# check valve



## limz_777 (23 Mar 2015)

any good brands on the market  ?


----------



## viktorlantos (23 Mar 2015)

limz_777 said:


> any good brands on the market  ?



Ada plastic ones are great. Not too expensive.


----------



## limz_777 (25 Mar 2015)

cant seem to find the ada plastic one locally , only ruby is available but way past my budget for a check valve , was thinking of getting those brass/stainless steel ones , any particular brands to look out for ?


----------



## Colinlp (25 Mar 2015)

CO2Art do a very nice glass one with a red glass insert, it works very well


----------



## ian_m (25 Mar 2015)

I have one off these.
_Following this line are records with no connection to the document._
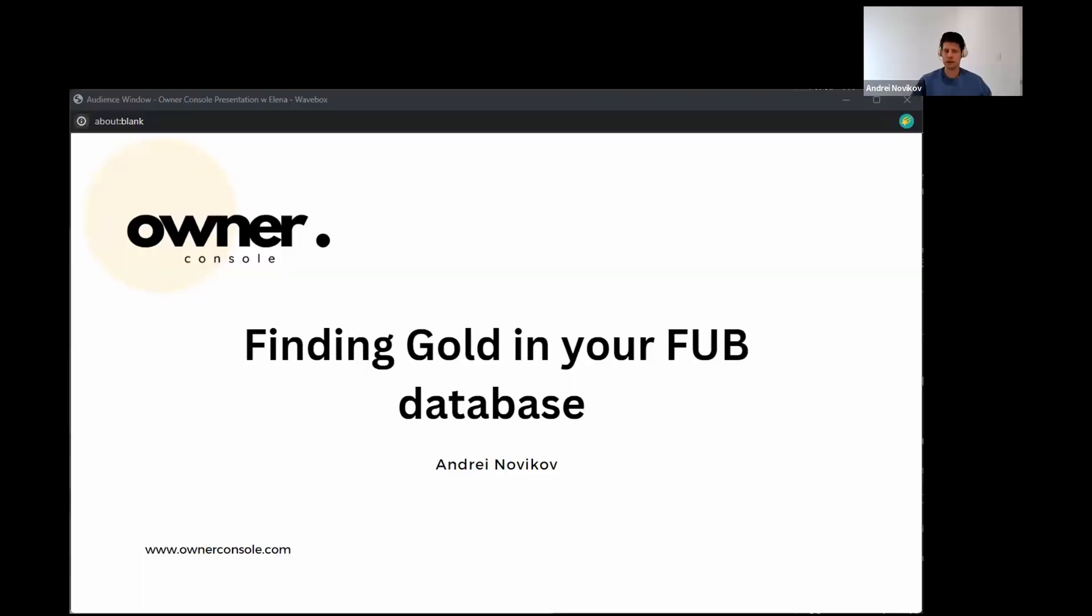Yeah, thanks for sharing. Well, I know that you prepared a slideshow. So I'd love if you can explain what owner console is, and the main features of how it helps benefit real estate agents. Yeah, absolutely. Let's get started here. I called my presentation finding gold in your follow boss database.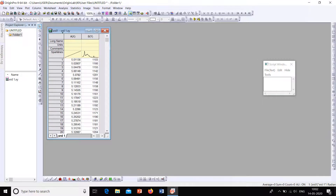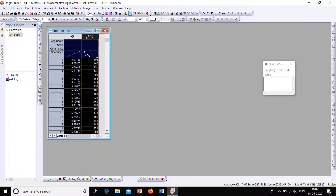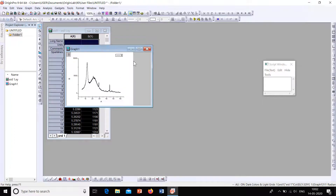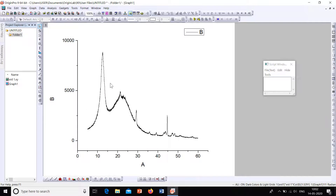The data is now imported to the workbook. Without giving any name or units for now, let's select the X and Y axis then go to Plot. The XRD has been plotted. Now let's move on to beautification.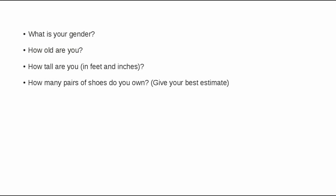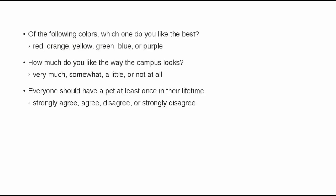Here are the items from the survey. What is your gender? How old are you? How tall are you in feet and inches? How many pairs of shoes do you own? Give your best estimate.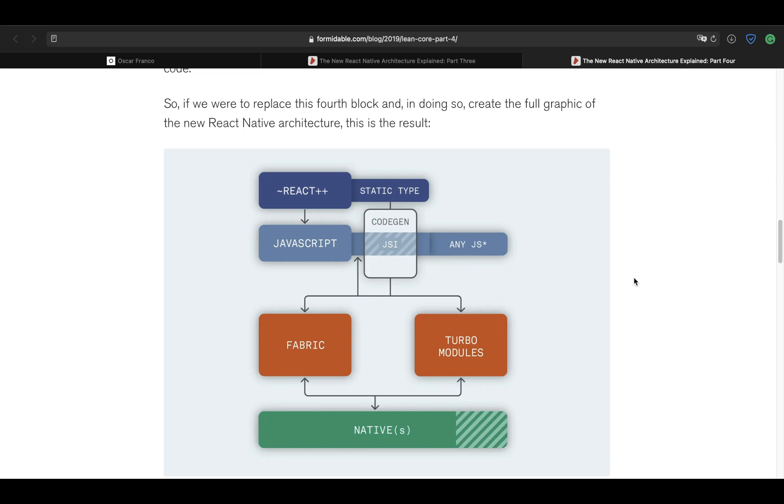So now that we have talked about TurboModules, one very interesting part as well is code generation. Again, if you have worked with React Native from the very beginnings, you can remember that initializing the package involves a certain amount of native knowledge because you have to go inside the code of your application and initialize the packages and so on and so forth.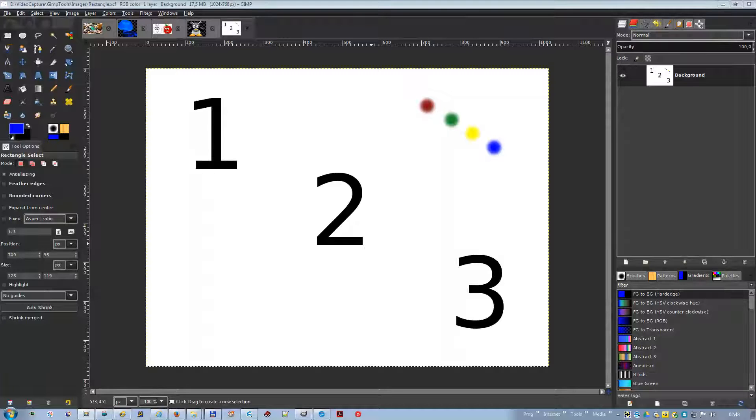Hello, my name is Louis. Today you will learn how the tools menu works.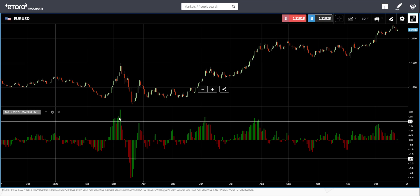Anytime it goes above or below that range, we can say we are in a very volatile market. And when it's very close to zero, then you may actually expect a volatile market coming soon.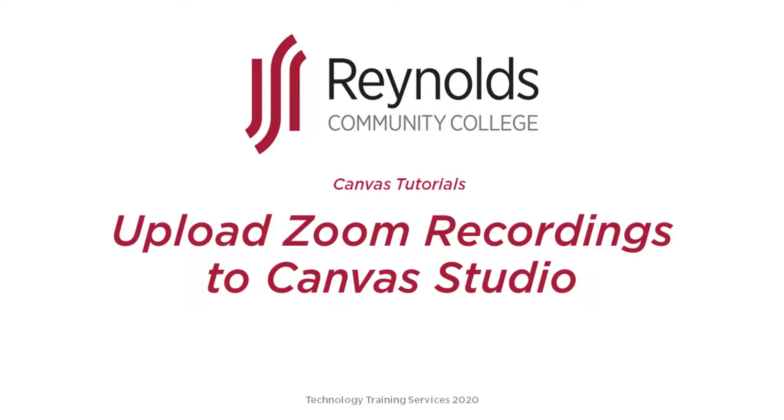This video tutorial will demonstrate how to upload Zoom recordings to Canvas Studio. By utilizing Canvas Studio, this method provides powerful tools such as analytics, commenting, and automatic closed captions.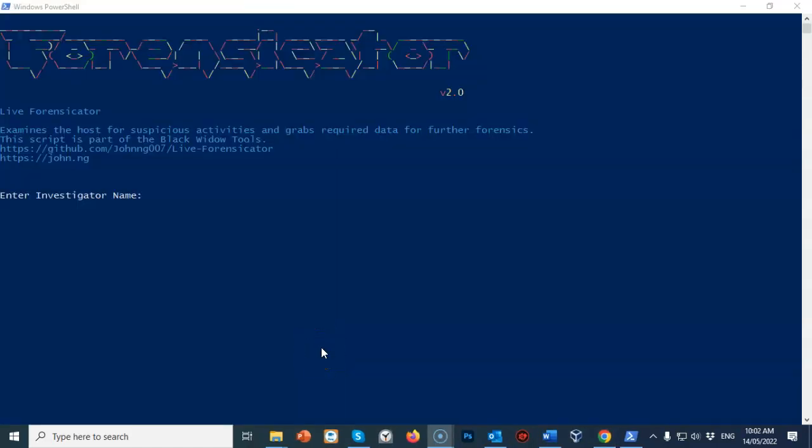In this short video presentation you got to see how we could use the PowerShell script Live Forensicator to carry out a very quick live forensic investigation. I'm Professor K — thanks for watching and I'll see you in my next video.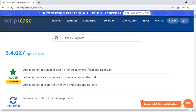Hello everybody and welcome back to another Scriptcase tutorial. Fred here speaking, and today we're going to show you some new features about Scriptcase version 9.4.27.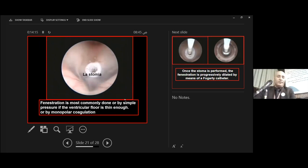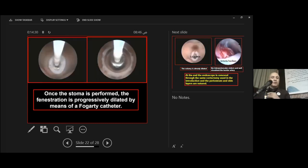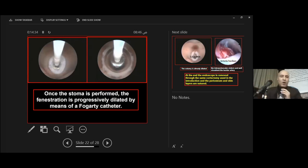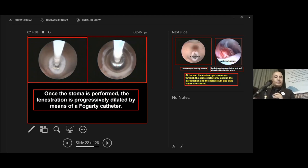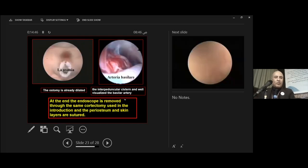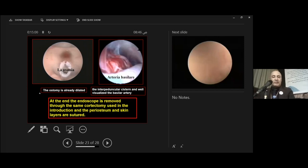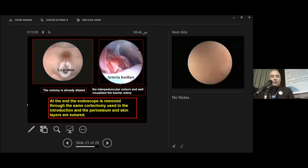This is the stomy. Fenestration is most commonly done by simple pressure on the ventricle floor or by monopolar coagulation. Once the stomy has been performed, the fenestration is progressively dilated by means of a Fogarty catheter. The stomy is already dilated here. The pre-pontine cistern is visualized, and we can see the basilar artery at the end. Then the endoscope is removed through the same corticotomy used for introduction, and the burr hole and skin layers are sutured.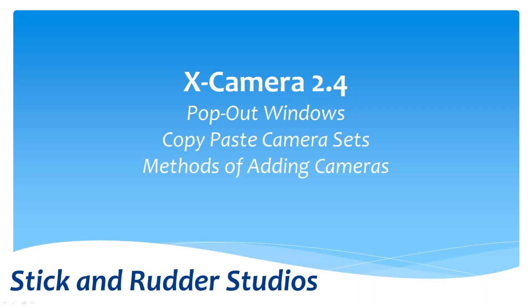Hello, my name is Mark Els from Stick and Rotor Studios and this is an addendum to the X-Camera 2.4 tutorial number one. There were a couple of things I had meant to show you in tutorial one that I omitted, and now that they've been up for a little bit, I've been getting some questions. I thought it'd be a good idea to clear up some of this stuff right before we go on to too many of the other tutorials. The topics I'd like to cover are pop-out windows, copy and paste camera sets, and methods of adding cameras. Without any further ado, let's get right into X-Plane and take a look at these three topics.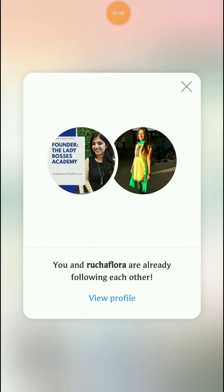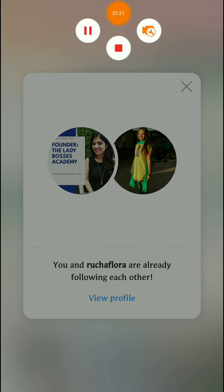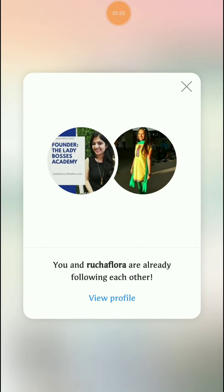These two people are already connected — had I not been connected with this profile, I would have started following it right away. That is how you use the latest Instagram update called name tag. Please follow ladybosses.wordpress.com for more information on social media, online marketing, and digital marketing.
Works well and has locking nuts to ensure pipe cannot be blown off.
http://www.aquaessentials.co.uk/easy-aqua-double-check-valve-p-5666.html


----------



## limz_777 (25 Mar 2015)

i am currently using the glass type similar to co2 art but different brand , it already start to fail on first day , now it started to leak water  , hmmm just found out both my old brass check valve doesnt work too  , by the way i am using it for a sera inline reactor , lol i swear it a pita when the check valve doesnt work , the co2 line suddenly pop out while i was kinking the line to try the check valve , water starts to gush out , does the easy aqua does his job of stopping water ?


----------



## limz_777 (28 Mar 2015)

finally i solved the issue , thanks for the input guys


----------



## Andy Thurston (28 Mar 2015)

http://www.co2art.co.uk/products/hight-quality-co2-check-valve-non-return


----------